Современность, маскулинность и фавн
В декоративных искусствах сатир присутствовал как неявный символ мужской сексуальности. В романтическом балете XIX века танцевали в основном женщины, которые часто исполняли и мужские роли в костюмах, схожих с балетными пачками в романтическом стиле (ил. 1.3а и 1.3б). Поскольку «в XIX столетии любая откровенная демонстрация мужской сексуальности противоречила гендерным установкам среднего класса» (Burt 1995: 82), женская сексуальность, вышедшая на первый план, оказалась единственным возможным выражением чувственности. В таком контексте поэт-символист Стефан Малларме и написал поэму «Послеполуденный отдых фавна» (L’Après-midi d’un faune, 1876), в которой изображено пробуждение чувственности сатира-фавна и которая вдохновила Дебюсси на сочинение его знаменитой прелюдии.
Эта прелюдия впоследствии легла в основу балета, который Вацлав Нижинский поставил в рамках «Русских балетов» Дягилева, шедшего в Париже с 1912 года, и костюмы для которого создал Лев Бакст (ил. 1.4). Гастон Кальметт, редактор газеты Le Figaro, был шокирован: «…Фавн был совершенно неподходящим, с отвратительными движениями эротической животности и с жестами тяжкого бесстыдства» (цит. по: Лифарь 2005; Buckle 2012: 242). Имелся в виду заключительный момент двенадцатиминутного танца, когда Нижинский в одиночестве, завороженный украденным у нимфы шарфом, который был расстелен на сцене, достигал апофеоза любовной истомы. Кальметт назвал его «плохо сложенным животным, отвратительным de face и еще более отвратительным в профиль» (цит. по: Лифарь 2005; Nijinska, Rawlinson 1992: 436). На Фавне было облегающее трико, своей пятнистой раскраской напоминавшее шкуру животного и обтягивавшее его бедра, – эта вторая кожа превращала его в существо, занимающее промежуточное положение между животным и человеком. В противовес нарядным женственным балетным костюмам, костюм Нижинского должен был подчеркнуть мужественность его фигуры в движении. Хореография танца, с ее намеренной резкостью и угловатостью, восходила к пляске сатиров, изображенных на выставленных в Лувре греческих вазах. На фоне нимф, окутанных струящимися тканями, Нижинский казался обнаженным.
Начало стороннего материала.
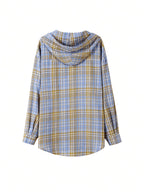 Hooded Mid-Length Checkered Shirt Jacket Women'S Early Spring New Loose Premium Long Sleeve Cardigan Top Directional - Yellow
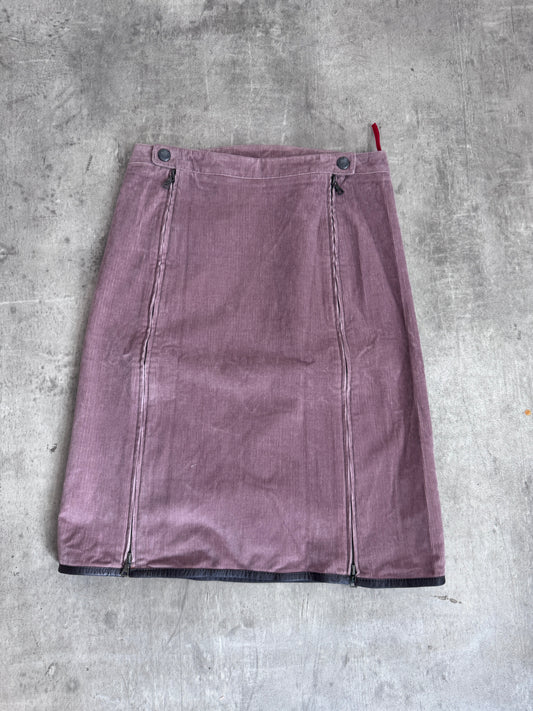 Prada Dusty Pink Corduroy Zip Detail Midi Skirt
Живое, яркое проявление модернистской эстетики в его танце и костюме ознаменовало новый взгляд на мужское тело. В статье для газеты Le Matin Огюст Роден писал, что тело Нижинского «выражает требование разума» (цит. по: Лифарь 2005; Scheijen 2010: 248) и что такое тело хочется рисовать и лепить. В костюме фавна и в хореографии балета нашли отражение революционные идеи, воплощением которых стал соединяющий в себе разные начала персонаж Нижинского в облегающем, анималистичном, очень смелом костюме; при этом нимфы выглядели вполне традиционно и соответствовали устоявшемуся образу. Спектакль Нижинского, сочетавший в себе черты прошлого и будущего, можно назвать переходным моментом, специфика которого выразилась в особенностях костюма.